The group, which now numbered fifty persons, continued its development by opening shops in Nantes, Strasbourg and Colmar. Having joined the company in 1991, I have been Chairman and Managing Director for seven years now. We took up corporate status, and Michel Decourty, Director of Masse Rungis,
Didier Vilcot, his deputy and Jean-Marc Cabezas, Director of Masse-Lyon, became my associates. Four years ago my wife, Sabine, whom I met at the IPAG (business school) after my BTS (higher technician's licence) in accounting and management, joined the company to develop the marketing and communications side of the business.

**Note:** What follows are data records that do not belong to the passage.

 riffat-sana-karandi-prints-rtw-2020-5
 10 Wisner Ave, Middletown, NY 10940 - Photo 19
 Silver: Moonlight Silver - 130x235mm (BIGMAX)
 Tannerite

We have a unique position in the foie gras sector, having focused on the geographic proximity of our customers rather than that of the producers. Every day at our certified laboratories, our "in-house" preparers select and package the product best suited to the criteria laid down by our customers. The volumes we deal in (400 metric tons of foie gras per year, i.e. 800,000 French foie gras, sorted and processed one-by-one) enable us to maintain the highest standards. To this must be added 140 metric tons of magret (duck breast), 160 metric tons of quality poultry (farm ducklings, squab, etc.), 2 metric tons of fresh truffles per year and 10 tons in cans, plus mushrooms (dried and fresh), smoked salmon, caviar, snails, spices, seasonings, top-of-the-range vacuum-packed meat cuts, delicious Spanish slow-cured meats, and so on; some 500 referenced products in all.
Our particular added value is found in the service, naturally, but also in our ability to provide the "unobtainable" product to the satisfaction of our customers, including restaurateurs - some of whom have three Michelin stars - organised catering, delicatessen-caterers and caterers.

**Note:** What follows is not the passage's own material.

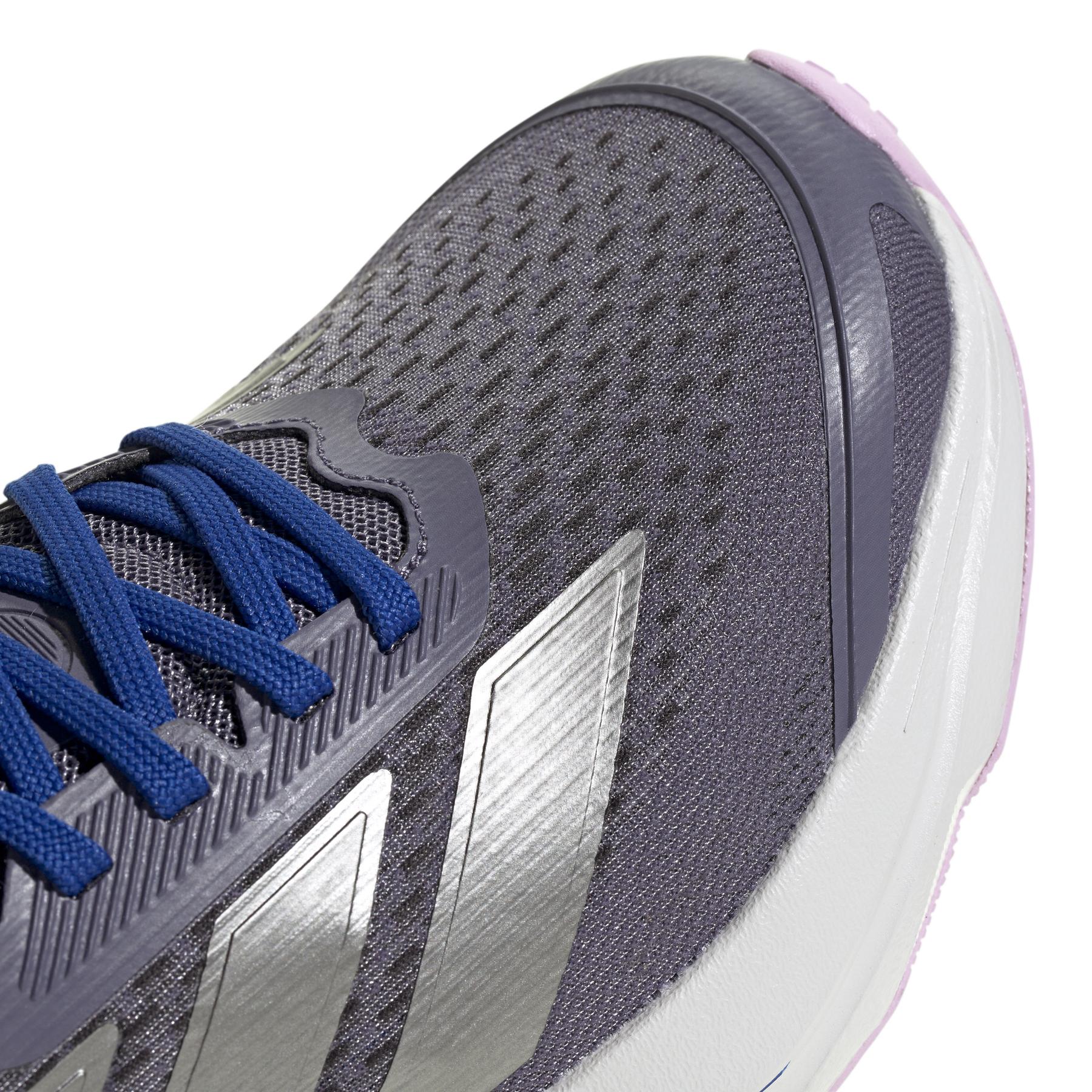 product/a/d/adidas_js4400_previo-ironmt-blilil_8.jpg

We also export our products throughout Europe from Rungis, which is the showcase for fresh produce the world over. It is a highly organised market, whose form and dynamism always amazes me. Rungis is definitely a market for the twenty-first century. Lastly, to enhance the brand image of foie gras, we created the "Trophée Masse", the 9th edition of which took place this month, at the Ceproc in Paris…".